American citizens being banished to Canada may sound pretty far fetched. But that is what happened to twenty one Hickman Countians during the Civil War.
Columbus, a small town located on Mississippi River, opened homes and hearts to Confederate troops stationed at the fort overlooking the town. However those troops abandoned their positions when General Ulysses S. Grant bypassed them by taking Forts Donaldson and Henry in Tennessee. Grant was unable to take the fort, having been beaten back by Confederates under the command of General Leonidas Polk in his first battle of the Civil War, an event that is commemorated each year at Columbus Belmont Park in mid-October.
Occupation of the fort after the Confederates decamped brought a Union army into an area known for its Southern sympathies. Commanding General Paine, an Illinois lawyer and friend of President Lincoln, prided himself on his strong Union sentiments. The combination of a town with Southern leanings and an occupying force commanded by a rabid Union man led to the expulsion of whole families from their homes. Paine took it upon himself to exile local residents he called "Southern sympathizers" to Canada.
Two sisters from Paducah, who had the misfortune to possess fine homes, were also put on the northbound train by Paine’s troops. Then Paine used their homes as his headquarters.
Family members recounted the train ride to Ottawa, Canada and their return home. Some families returned soon after President Lincoln, prompted by a petition from the people of Columbus, ordered Paine to recall the banished.
Six weeks after they were "shipped like cattle out of their own state" according to one newspaper report, some returned home. Many came back to nothing because the Yankees had burned their homes and taken their livestock. All who came home had to pay their own way back.

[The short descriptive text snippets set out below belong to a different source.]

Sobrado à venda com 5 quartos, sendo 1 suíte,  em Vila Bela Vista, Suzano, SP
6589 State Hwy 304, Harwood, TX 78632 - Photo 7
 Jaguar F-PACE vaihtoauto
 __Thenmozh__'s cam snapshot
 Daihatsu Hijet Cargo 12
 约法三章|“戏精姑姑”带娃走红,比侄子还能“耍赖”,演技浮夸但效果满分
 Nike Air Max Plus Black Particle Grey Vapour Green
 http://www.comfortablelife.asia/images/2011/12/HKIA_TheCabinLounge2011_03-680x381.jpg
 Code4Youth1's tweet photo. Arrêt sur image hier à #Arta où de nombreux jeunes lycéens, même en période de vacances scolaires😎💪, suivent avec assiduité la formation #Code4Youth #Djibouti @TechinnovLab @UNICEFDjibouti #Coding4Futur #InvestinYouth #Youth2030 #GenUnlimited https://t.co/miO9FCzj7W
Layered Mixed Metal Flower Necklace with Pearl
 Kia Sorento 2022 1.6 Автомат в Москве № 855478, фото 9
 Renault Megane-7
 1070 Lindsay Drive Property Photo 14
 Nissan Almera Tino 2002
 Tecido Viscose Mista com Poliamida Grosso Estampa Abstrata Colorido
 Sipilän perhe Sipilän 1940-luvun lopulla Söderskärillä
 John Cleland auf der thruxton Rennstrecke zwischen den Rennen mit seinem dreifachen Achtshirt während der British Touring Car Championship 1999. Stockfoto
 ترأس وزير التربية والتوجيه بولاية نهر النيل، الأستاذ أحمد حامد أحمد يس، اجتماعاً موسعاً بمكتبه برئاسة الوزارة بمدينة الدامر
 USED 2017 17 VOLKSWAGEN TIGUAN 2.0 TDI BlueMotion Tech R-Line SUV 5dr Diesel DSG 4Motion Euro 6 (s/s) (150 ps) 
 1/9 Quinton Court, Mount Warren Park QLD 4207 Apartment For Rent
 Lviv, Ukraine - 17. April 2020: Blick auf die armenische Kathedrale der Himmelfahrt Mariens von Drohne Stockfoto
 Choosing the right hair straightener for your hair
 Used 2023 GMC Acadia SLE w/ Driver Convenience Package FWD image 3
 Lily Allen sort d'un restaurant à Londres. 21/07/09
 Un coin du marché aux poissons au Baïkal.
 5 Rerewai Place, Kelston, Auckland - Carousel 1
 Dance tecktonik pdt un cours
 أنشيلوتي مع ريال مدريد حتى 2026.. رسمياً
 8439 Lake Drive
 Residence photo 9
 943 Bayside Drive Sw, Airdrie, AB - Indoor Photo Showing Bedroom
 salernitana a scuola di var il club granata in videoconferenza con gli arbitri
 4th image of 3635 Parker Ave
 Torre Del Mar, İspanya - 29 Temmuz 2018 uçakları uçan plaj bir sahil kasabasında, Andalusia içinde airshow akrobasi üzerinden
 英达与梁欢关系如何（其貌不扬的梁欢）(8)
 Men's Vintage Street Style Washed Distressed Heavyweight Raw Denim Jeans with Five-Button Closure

This little known Civil War event was dramatized in 2006 by Hickman County historian, Virginia Jewell, before her death in 2007. It was put on again in 2009 by the Hickman County Museum Board. Now it’s back in time for the 150th year anniversary of the beginning of the War Between the States.
The play, originally titled “Banished to Canada” now known as “Banished” will again be performed with slight revisions, children are now in the cast and music of the period is included. Eight men and four women will tell their story of being banished to a foreign country.
The play, produced by the Hickman County Arts Council will be performed twice. The first performance will be on Saturday, October 8th at 11:00 on the porch of the Hickman County Museum in Clinton. The second performance will be at Columbus Belmont Park on Saturday, October 15th at 11:00 at the Park Museum.
Admission to both performances is free and the public is encouraged to attend.